There were boys at home and in this galaxy who would have greeted that invitation with blissful tears of thanks in their eyes. Lucky them, 4-H-N thought. Their fantasy, her stress. She herself was sick of the whole steamy scene and its pinkly perfect little collections of curves, when she wanted everyone back in their beige and standing ready to confront the crisis which even now worsened on Limb Four.

For all she knew, Mini-Flash Bobbypins wasn’t finding it sinister or strange. To 4-H-N however, the superficial resemblances to an Earth-sorority mixer served only to remind her she was watching anything but. It wasn’t the absence of boys. There had been no hostility from the Special Program, no trace of the ways in which human co-eds might have hinted two gatecrashers weren’t welcome. Their hostesses were nothing but smiles. They just wouldn’t talk to them. All they did was smell and simmer and bop about to the eerily non-threatening pop that reverberated through Flashlab Central’s recreation-room.

“I still don’t know how come you’re hiding half the Special Program runaways on this ancient space-station,” Mini-Flash Bobbypins ventured at length. “But wouldn’t you have had to discuss it with them, at least a bit, just to set it all up?”

4-H-N sighed, wishing it was that easy.

“The only one who’s ever spoken to me is Sue,” she explained. “And unfortunately for us, she’s not going to be doing that again until tomorrow afternoon at the earliest.”

Without looking any more than she had to, 4-H-N indicated the section of deck where lay a girl with glossy dark-chocolate hair. If this quality in Mini-Flash Pseudangelos was somehow related to her preferred branch of tappy smell-bomb, then the empty test-tubes scattered about her suggested those locks were destined to keep their colour a long time. Usually you only had to be in her general neighbourhood to start fancying a quick trip to the vending-machine, but right now she smelled like Bournville in a power-cut.

The one sign of progress was that her knickers with the pink butterfly-print were finally making a reappearance. It had been an uphill struggle for 4-H-N to convince her that going without them was no more than a necessary part of her disguise, and that she had to put them on again when she wasn’t dressed up. True, Mini-Flash Pseudangelos was wearing them on top of her head, but under these circumstances small victories mattered.

“It’s my fault,” 4-H-N went on to Mini-Flash Bobbypins. “I introduced the whole concept of parties to her, and she brought it back to the station. Since then it’s all they’ve done. So Bobby, you’re the one who comes from round here. Really got my fingers and toes crossed there’s some secret to communicating with the Special Program that you happen to know.”

Bobbypins however looked about as hopeful as 4-H-N felt.

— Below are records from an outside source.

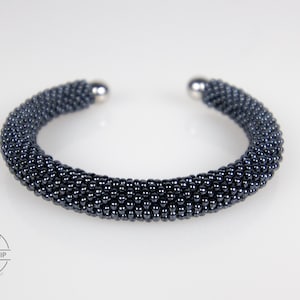 May include: A dark navy blue beaded cuff bracelet featuring a dense, uniform texture of small, reflective spherical beads. The bracelet has a circular, open-ended design with smooth, polished silver-toned metal end caps at each terminal point.
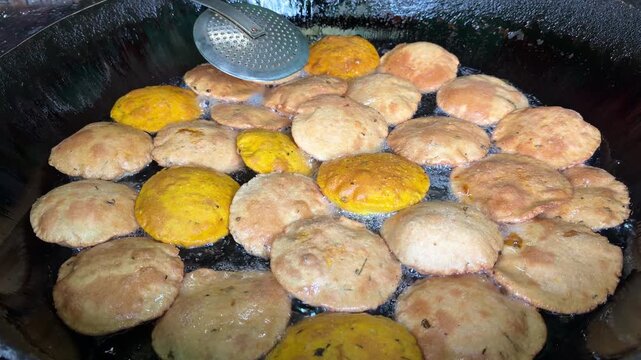 Indian street food puri or bedai frying in hot oil large wok 4k video footage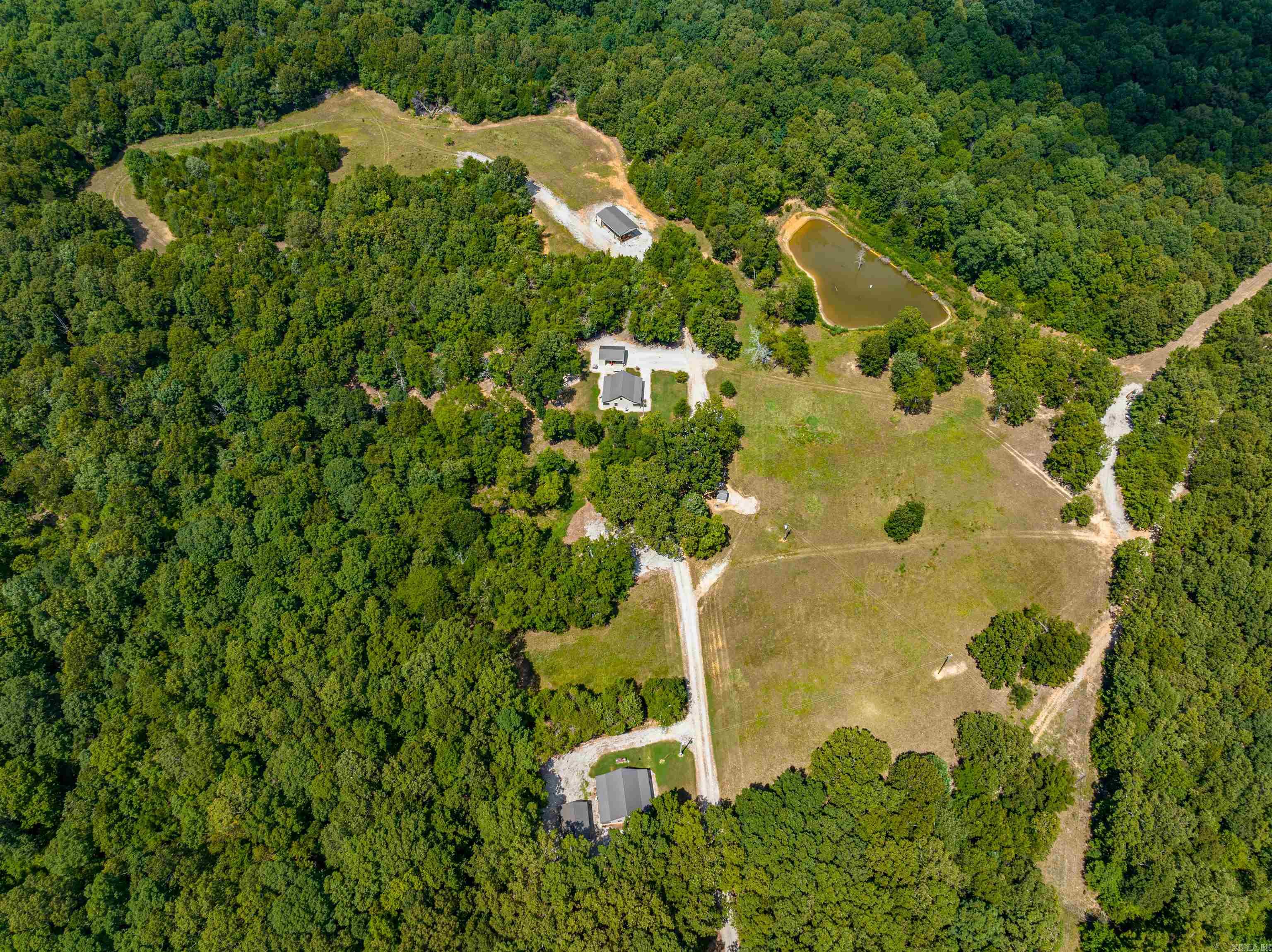 Turn-key Hunting Operation, bring your hunting equipment ready to start enjoying your game-rich property!We offer 1930 +/- Acres, which are all wooded except for a few well-placed food plots and ponds.The property is one of the largest privately owned contiguous timber tracts in the Central Ozarks, with 7 ponds, several springs, deer stands & feeders, a perimeter fire lane, Cabins, and 35 miles of interior roads and trails, all behind locked gates 3 very nice cabins on the property can accommodate 10-15 people.  Each cabin also has a storage shed, and 2 have a carport with outdoor space.  There is a walk-in cooler for all your game after the hunt.  There is also a skinning rack located beside the cooler.  Across the driveway is the well shed, which runs water to all cabins.  Down at the end, there is also a machine shed that houses a John Deere 5606, cabbed tractor, 4 wheel drive with attachments, and a Case 650K, cabbed bulldozer that will all stay with the property as a packaged deal, and there is a storage shed attached as well.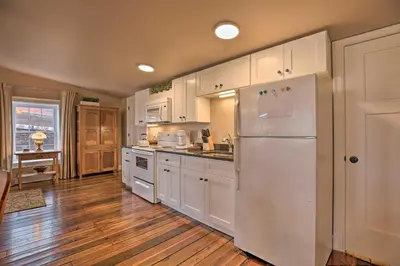 a kitchen with white cabinets and a refrigerator at Chic Main Street Retreat Less Than 7 Mi to KY Horse Park! in Georgetown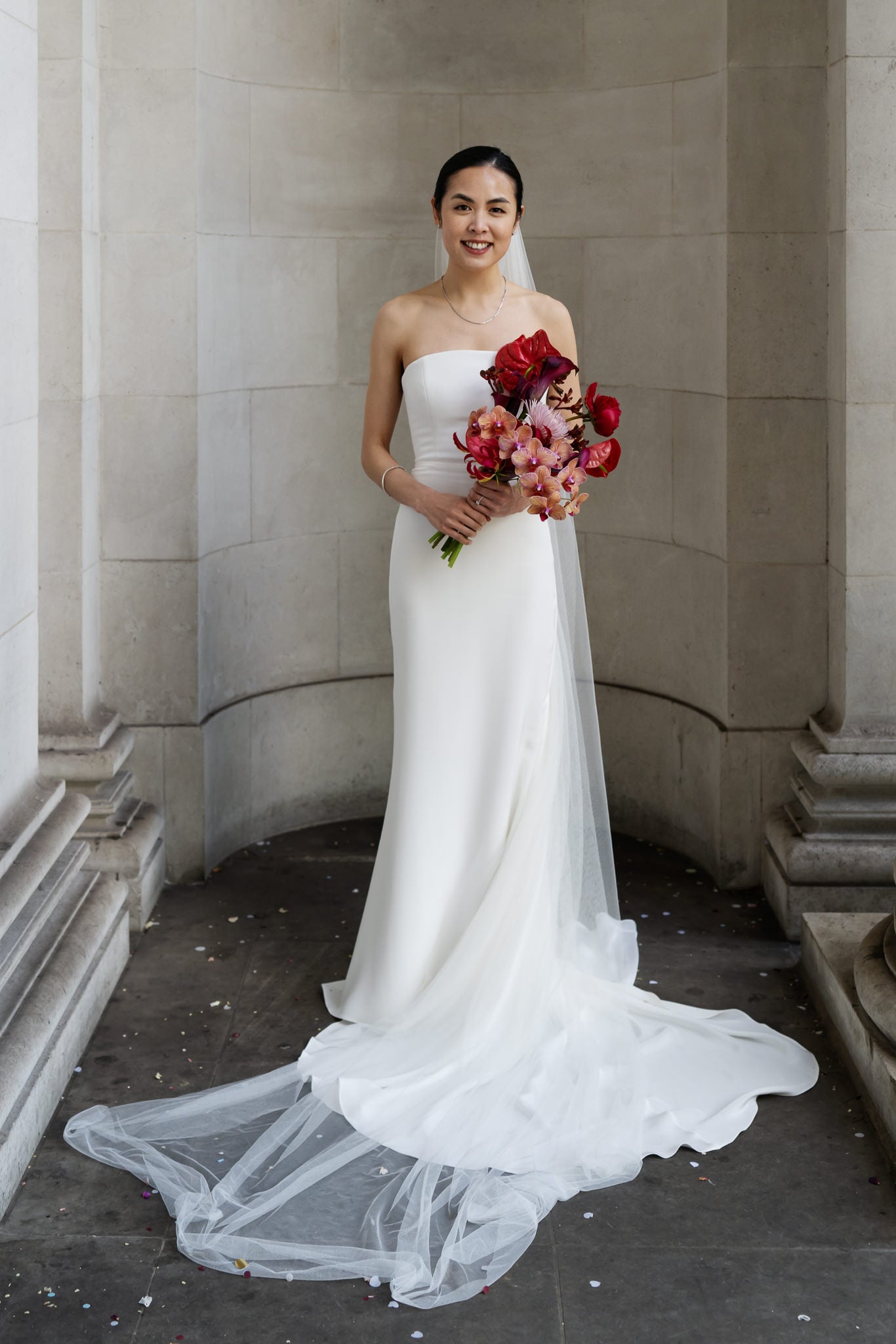 A woman in a strapless white wedding dress holds a bouquet of red and pink flowers at No. 4 Hamilton Place, her long veil spread on the ground—capturing the elegance of a London wedding against a stone wall backdrop.
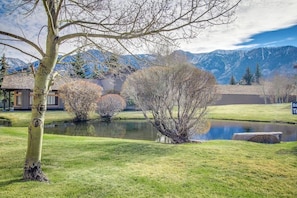 Eine friedliche Landschaft mit Teich, Bäumen und Bergen im Hintergrund.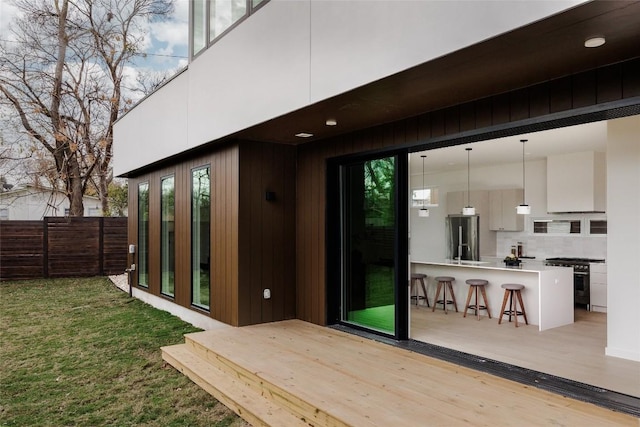 wooden deck featuring exterior bar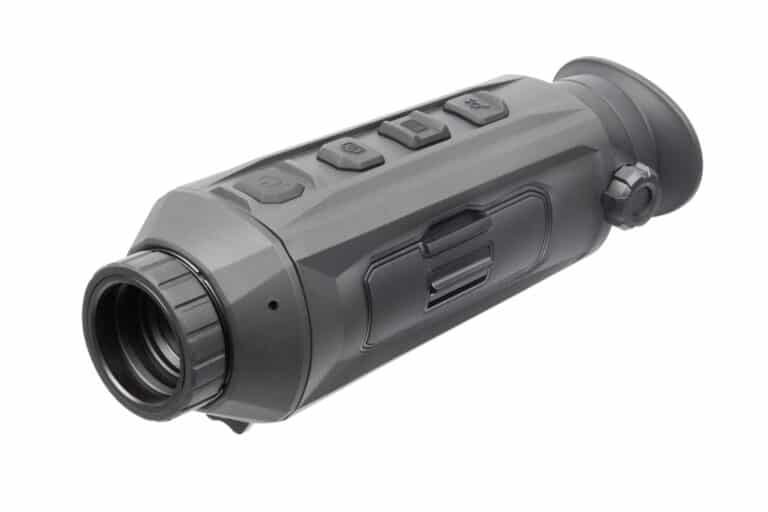 A black and gray camera with a lens attached to it.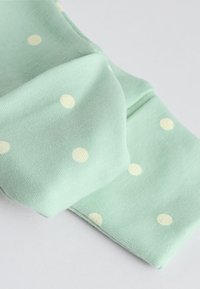 Világoszöld szövet fehér pöttyökkel, összehajtva, a kötött textúra jól látható, egyszínű világosszürke háttéren.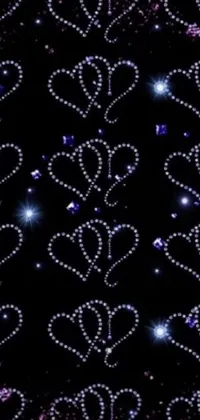 This live wallpaper features a sparkling black background adorned with hearts and stars made of shimmering blue diamonds, crystals, and scissors in 720p resolution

“I don’t understand why they’re being like this,” confessed the former. “Second-gender Mini-Flashes like me, who function more or less the same as the regular kind, were never encouraged to associate with the Special Program at entry-level. It’s like The Flash Club was afraid we’d pick up habits. Then when we started to lose control of them after the Arch of Titus, no-one was allowed any contact at all. I don’t know any Special Program seniors. There aren’t that many yet. Sometimes they’re given standard duties, wherever that’s possible for non-combatants. These ones here though, who are only our age – ”

4-H-N was listening, but throughout the whole hot tub gambit she’d also been keeping one eye on the open door to monitor the situation on Limb. Now with a sudden splash and a bounce she shot bolt upright.

“Bobby, quick!” cried 4-H-N. “No time to put our clothes back on!”

Slick and agleam she scrambled from the tub, her wondering companion close at hand. The Special Program paid them no attention whatsoever as they exited the rec-room and slapped huge watery footprints all over the vestibule and steps on a headlong skidding course back to Flashlab Central’s bank of antiquated telescanners. Halting before the polychromatic luminescence thereof, though chests remained restless, two wet watching bodies faithfully reflected the spectrum while contours played tricks with proportion and scale. From bosom to thighs each girl was alive with every leaping shade from Foretold One dusk to star-interceptor silver. Colour danced minutely even on 4-H-N’s lips, which were parted and damp with apprehension.

“My family,” she whispered. “It’d take too long to explain what that means, and why it’s important. Just take my word for it that it is.”

“But surely, like that, they can’t hope to…” began the other, but let her voice tail off.

Speaking of progress. Could that have been tact from Mini-Flash Bobbypins? It was quite something to hear, even if it only signified she was starting to figure out what kind of things she said were most likely to make 4-H-N yell at her.

Moreover, she wasn’t wrong. Not much gave Harbin cause for concern.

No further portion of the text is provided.